Bu açıklamalar çerçevesinde somut olayın değerlendirilmesine gelince; taraflar arasında 01.08.2007 tarihli 5 yıl süreli bayiilik sözleşmesi düzenlenmiş ve buna bağlı olarak ürün alımı konusunda taahhütname düzenlenmiştir. Taahhütnamede yıl bazında alınacak ürün miktarı belirlenmiş, eksik ürün alımı halinde ceza şart ödeneceği kararlaştırılmıştır. İfaya eklenen cezai şart niteliğinde olan bu ceza, bir sonraki yıl ihtirazi kayıt bildirimi yapılmadan ürün verilmeye devam edilmesi halinde istenemeyecektir. Davacı, süresi sonunda yenilenmeyen ve sona eren sözleşme uyarınca ilk dört yıl ihtirazi kayıt koymadan ürün verdiğinden, bu yıllara ilişkin cezai şart isteminde bulunamayacak, ancak son yıla ilişkin cezai şart isteminde bulunabilecektir.

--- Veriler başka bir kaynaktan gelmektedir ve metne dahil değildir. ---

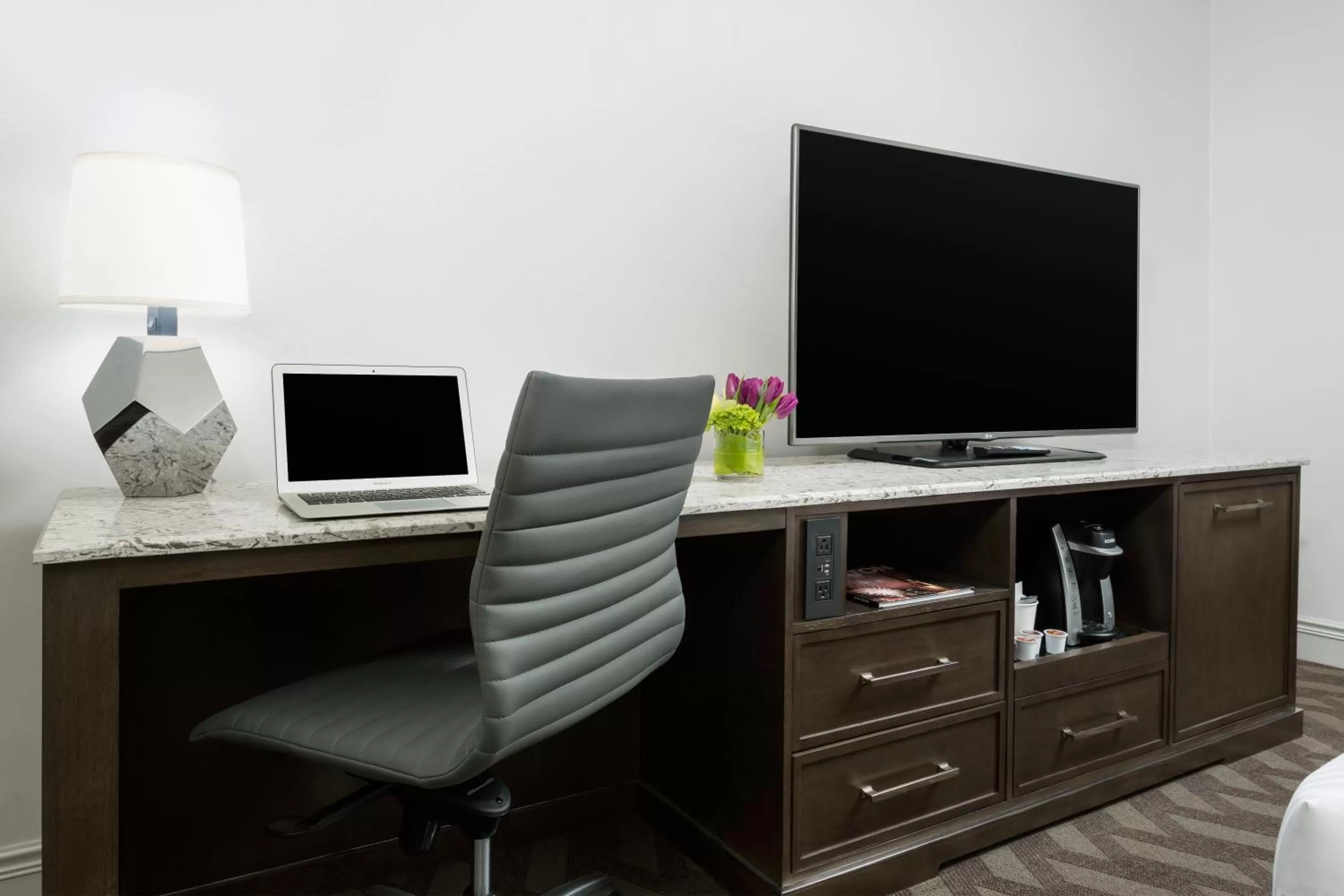 Superior Double Room in Hilton Boston Park Plaza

Mahkemece yukarıda açıklanan ilkeler uyarınca inceleme ve hesaplama yapılarak sonucuna göre bir karar verilmesi gerekirken, yazılı şekilde karar verilmesi doğru olmamış, kararın bozulması gerekmiştir.
SONUÇ: Yukarıda açıklanan nedenlerle hükmün BOZULMASINA, peşin harcın istek halinde iadesine, 01/03/2016 gününde oybirliğiyle karar verildi.